Task brief —
Where the data below begins, start duplicating lines exactly, and finish with the line containing "Sí, yo también"; add nothing else. Leave the pictures out.

[Items listed in a dataset]
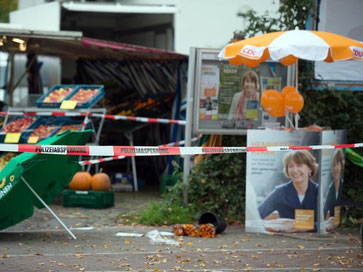 Der Tatort im Stadtteil Braunsfeld in Köln. Foto: Federico Gambarini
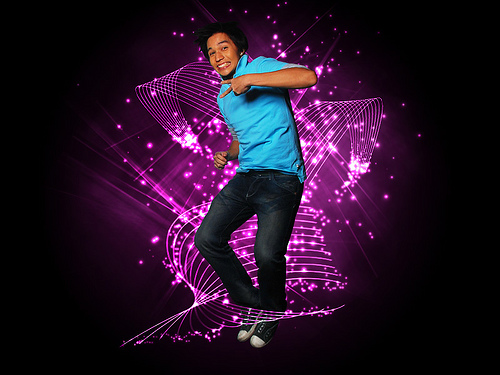 Magnific Light Effects in Photoshop Tutorial: Final Result
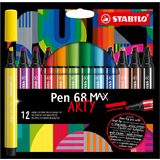 STABILO fasermaler Pen 68 MAX, 12er etui ARTY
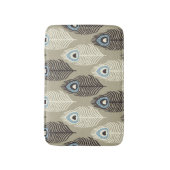 Peacock verenpatroon, stijl. badmat (Voorkant Verticaal)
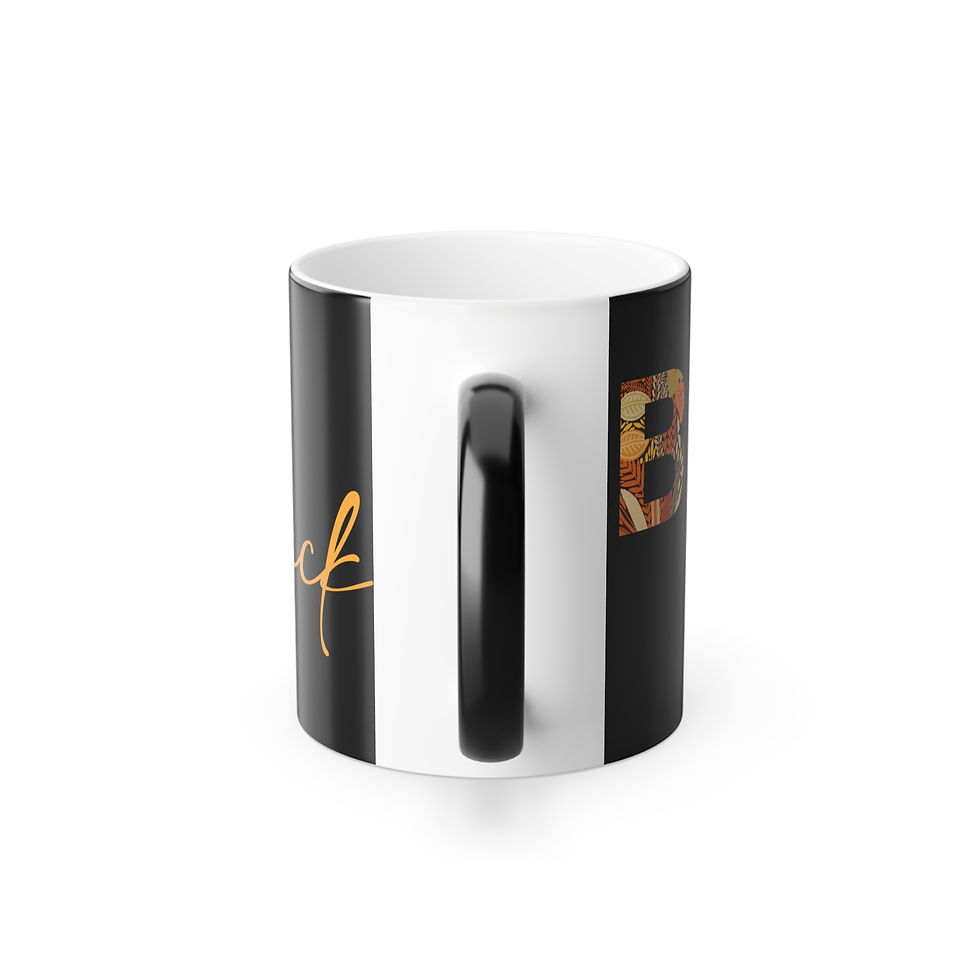 Bark in Black Color Morphing Mug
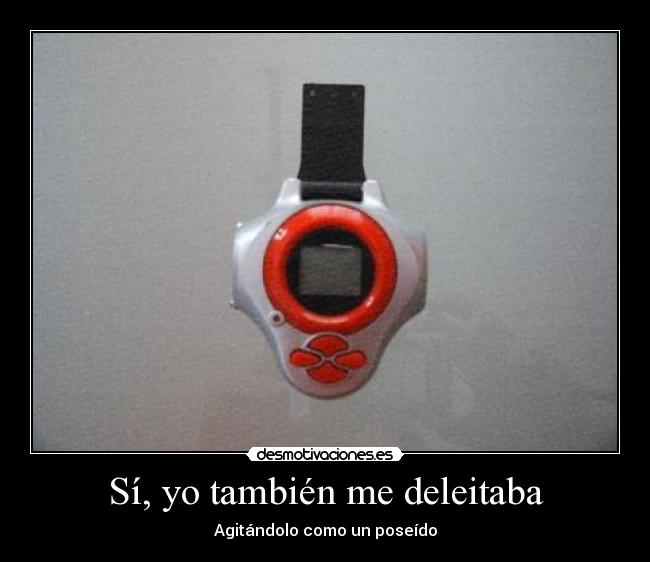 Sí, yo también me deleitaba - Agitándolo como un poseído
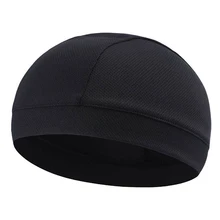1 шт. Влагоотводящая охлаждающая Кепка с черепом внутренняя подкладка шлем шапочка купольная Кепка Sweatband мужская шапка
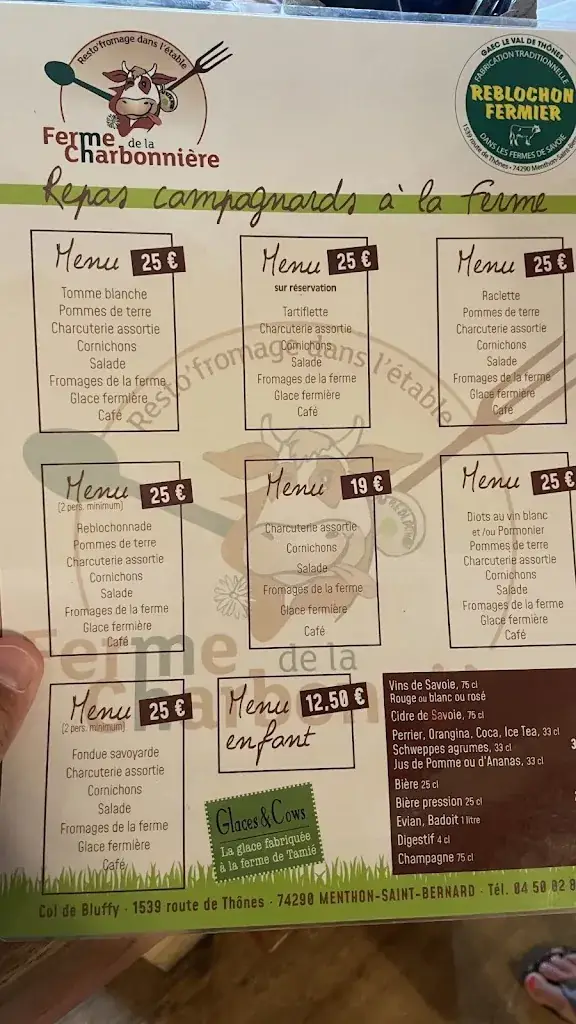 Menu_La ferme de la Charbonnière_Menthon-Saint-Bernard_image_3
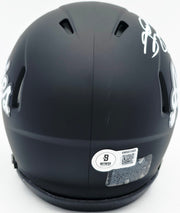 Johnny Manziel Autographed Texas A&M Black Aggies Script Logo Speed Mini Helmet "12 HT" Beckett BAS Witness Stock #262058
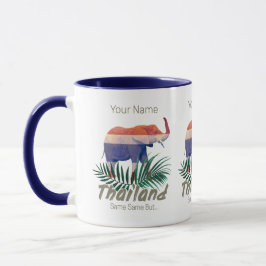 Thailand Elephant Flag Dschungel Verlasse Thai Sou Tasse
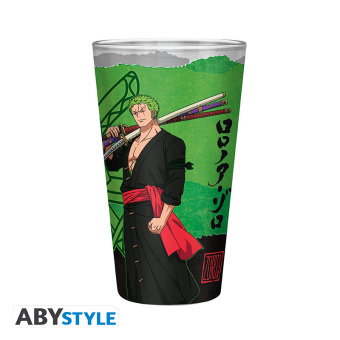 ONE PIECE - Large Glass - - Zoro - box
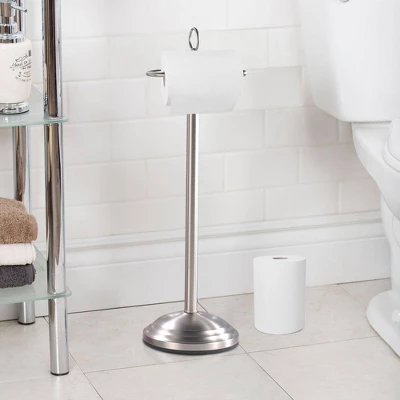 Freestanding Toilet Tissue Holder Brushed Nickel - Nu Steel 1 Freestanding Toilet Tissue Holder Brushed Nickel - Nu Steel
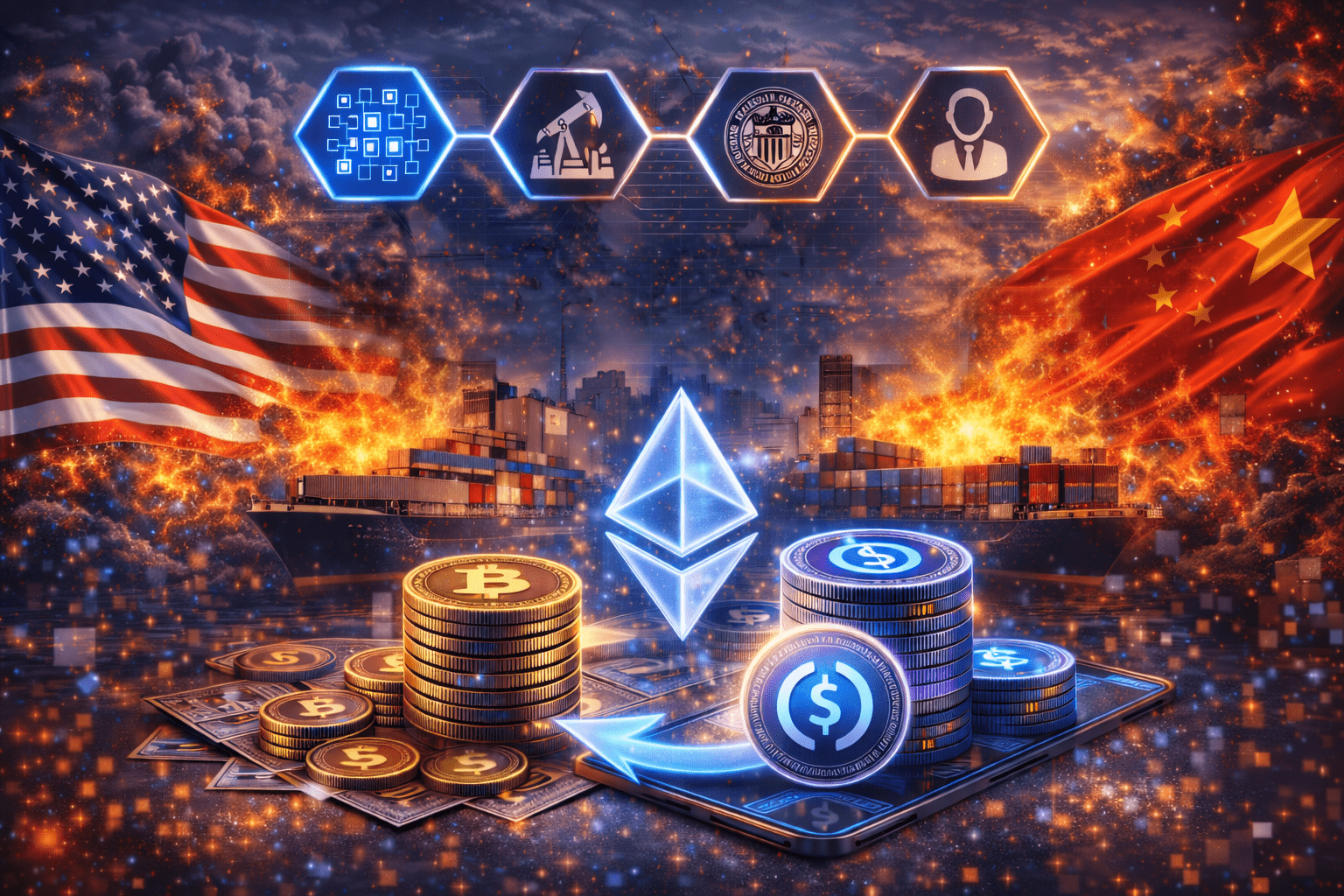 You are currently viewing Trade War Fears Loom Over Crypto: 4 Potential Market Movers This Week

Answer to the exercise —
 Der Tatort im Stadtteil Braunsfeld in Köln. Foto: Federico Gambarini
 Magnific Light Effects in Photoshop Tutorial: Final Result
 STABILO fasermaler Pen 68 MAX, 12er etui ARTY
 Peacock verenpatroon, stijl. badmat (Voorkant Verticaal)
 Bark in Black Color Morphing Mug
 Sí, yo también me deleitaba - Agitándolo como un poseído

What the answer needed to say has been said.